EKS Cluster Insights proactively detect issues that could block an upgrade.

aws eks list-insights --region ap-northeast-1 --cluster-name eks-sandbox

Result: empty — no blockers. This is expected for a fresh cluster, but production clusters can surface warnings around kubelet version skew or add-on incompatibility here. Any issues found must be resolved before proceeding.

Deprecated API Scanning

Two tools for thorough coverage: kubent and pluto.

kubent
# Target K8s version is 1.34.4-eks-f69f56f
# Retrieved 34 resources from collector — no deprecations found
 
pluto detect-all-in-cluster
# There were no resources found with known deprecated apiVersions.

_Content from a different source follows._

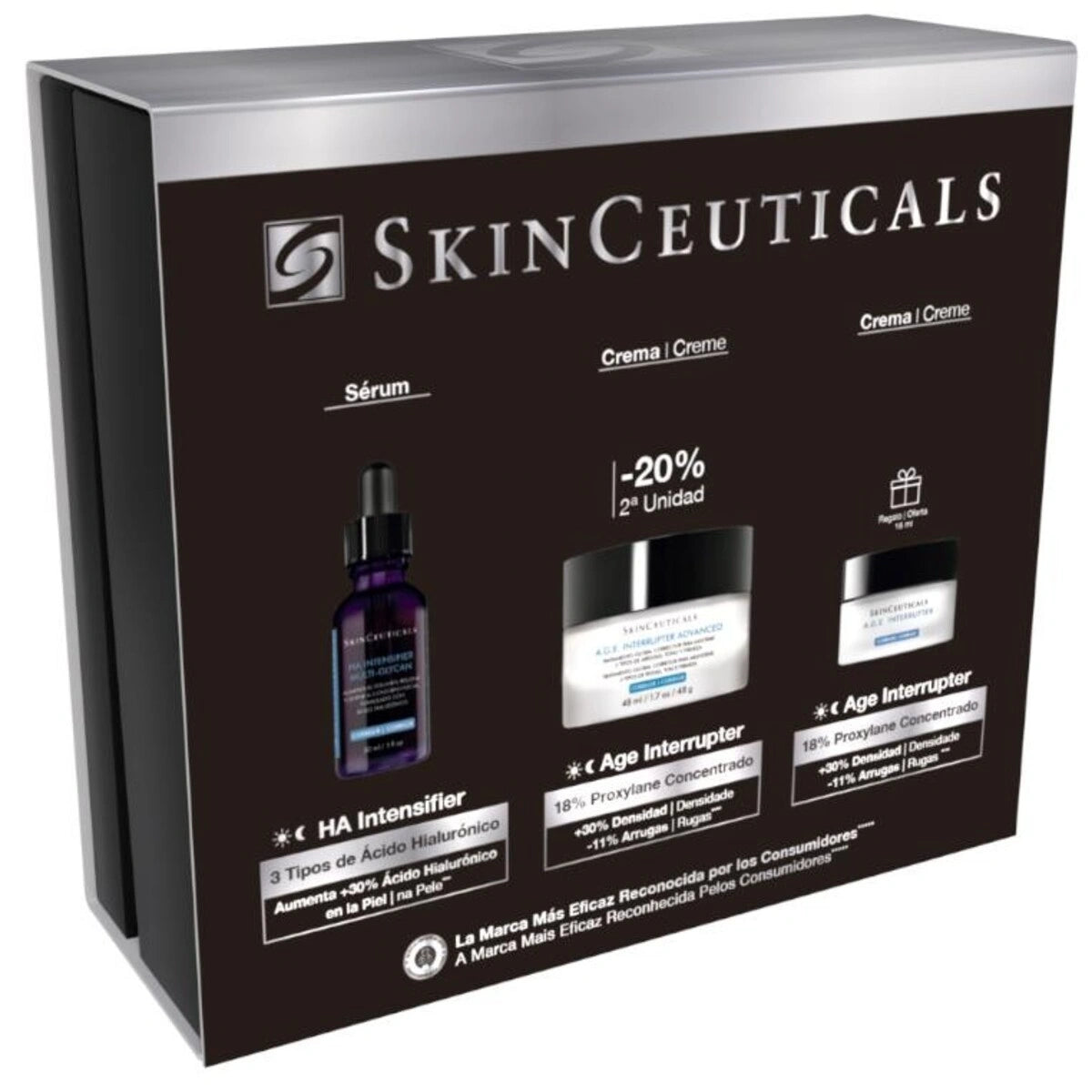 Skinceuticals HA Intensifier + Age Int Advanced + Age Adv 15ml Coffret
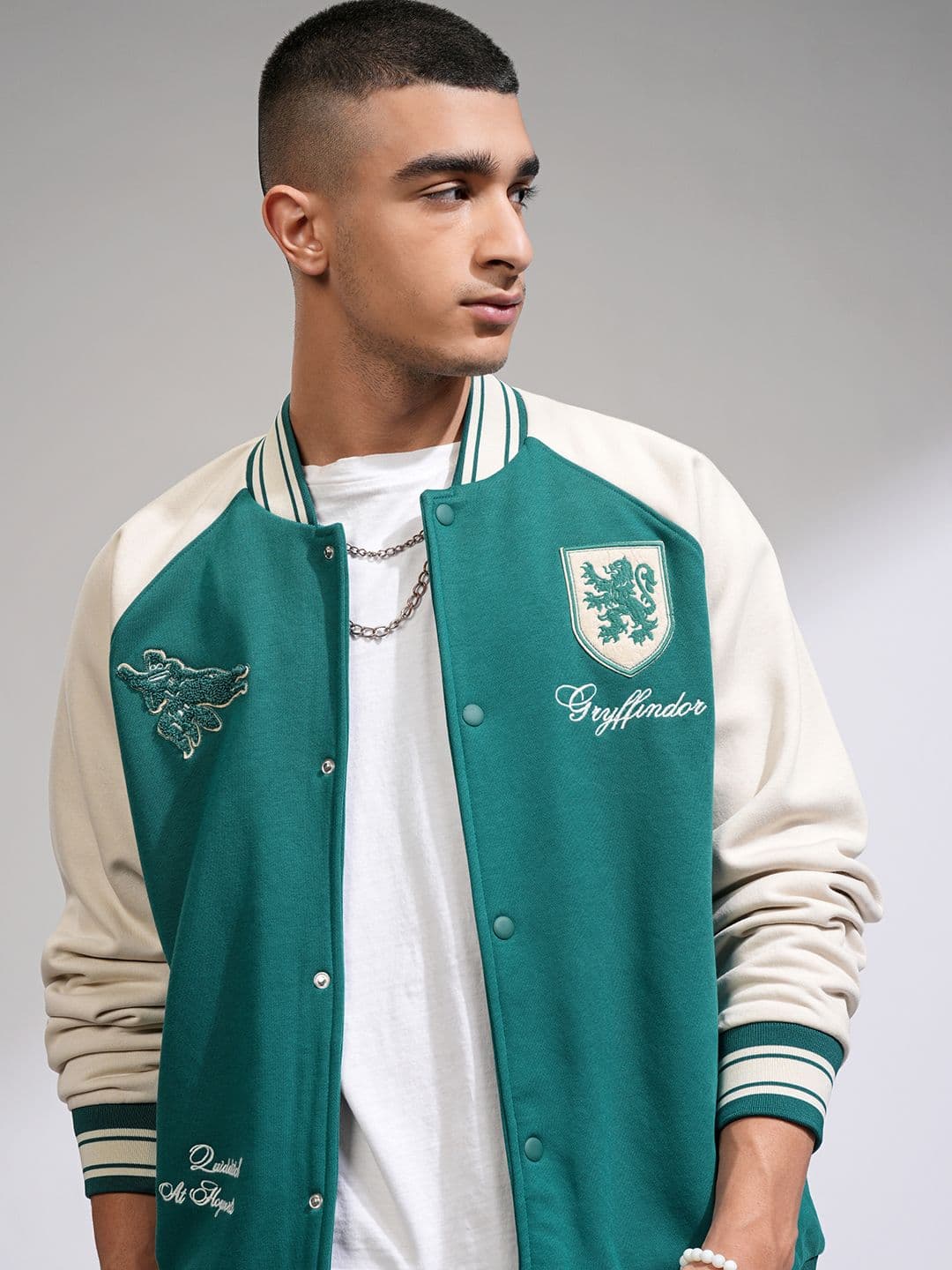 HIGHLANDER Warner Bros Harry Potter Men Oversized Varsity Jacket - view 1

Zero findings are expected on a fresh cluster, but production clusters often have deprecated APIs lurking in custom resources or Helm releases. kubent scans Helm v3 releases too, catching template-level issues beyond just applied resources.

Infrastructure Prerequisites

Three aspects of the underlying infrastructure to verify before upgrading.

Subnet available IPs — Node replacement temporarily increases node count, so IP headroom is needed. All 6 subnets had 8,000+ available IPs — plenty of room.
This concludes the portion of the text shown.